いくら見た目がかっこよくても、AMと短波放送だけしか聴けないのだったら、いずれは飽きてただの置き物となってしまうだろう。
でも外部ライン入力が可能なら、スマホやタブレットと接続し、自分の好きな音楽を再生できるではないか。
さっそくアダプターやBluetoothトランスミッターを使い、iPhoneやiPadに接続してみた。
はっきり言えば、いくら真空管を使っているとはいえ、1960年代の普及品であるラジオのスピーカーは貧弱で、高音部はまだいいが低音部の鳴り方が全然ダメだ。
むしろiPhoneやiPadに内蔵されているスピーカーで聴いた方が、今の基準で言うところの良い音であることは間違いない。当然、ステレオではなくモノラルだし。
でも、あえて大昔のラジオ品質に劣化させた音楽を聴いてみると、これはこれで実に趣深い。
特に、当時の再生装置のレベルに合わせて録音されたであろう音楽、例えば昔のアメリカのブルースやモータウンのR&B、それに日本の60年代歌謡曲なんかを聴くと、部屋ごとタイムスリップしたような気分になって、なかなか面白い。

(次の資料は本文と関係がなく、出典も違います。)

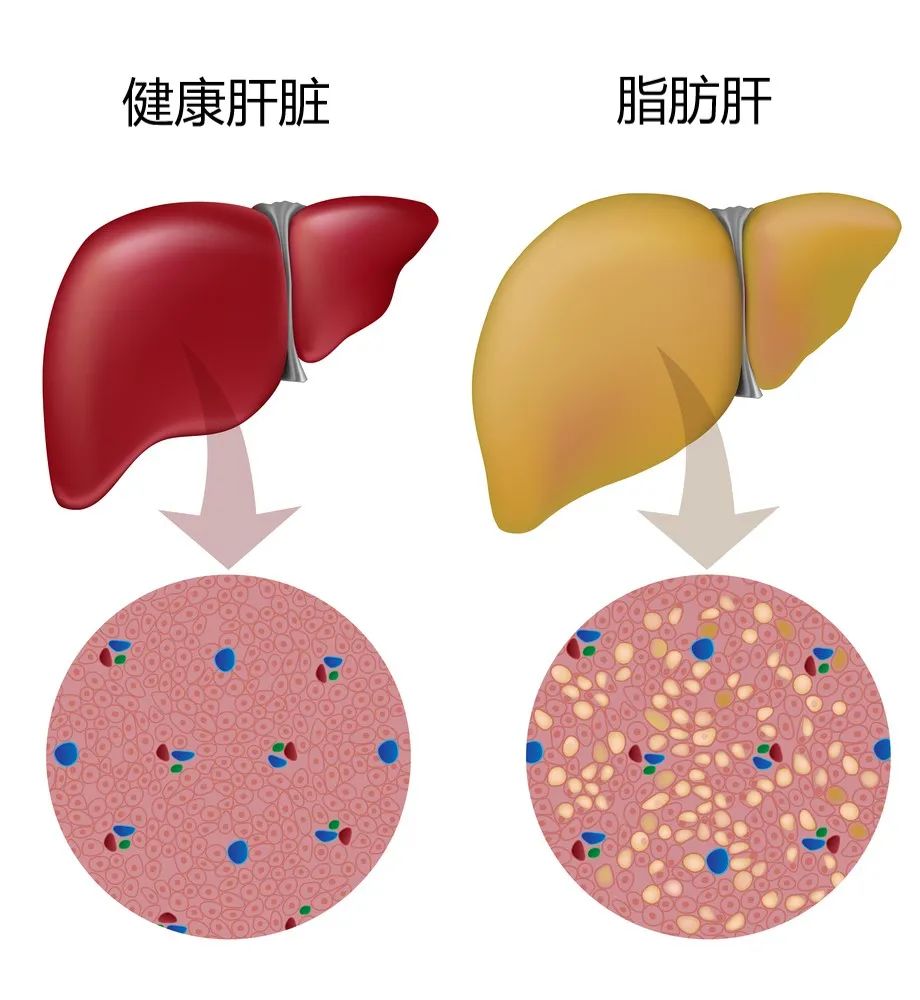 肝脏需不需要补硒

もしかしたら何かを間違っており、非常にこじらせた楽しみ方であるのかもしれないが、買ってからこっち毎日毎日、わざわざこのラジオに接続して音楽を聴くようになった。
こんなにも素晴らしき出会いがあった世田谷のボロ市。
1月も行ってみたいと思っている。
お目付役の妻を同行しなければ、家のガラクタが増えてしまうだけかもしれないが。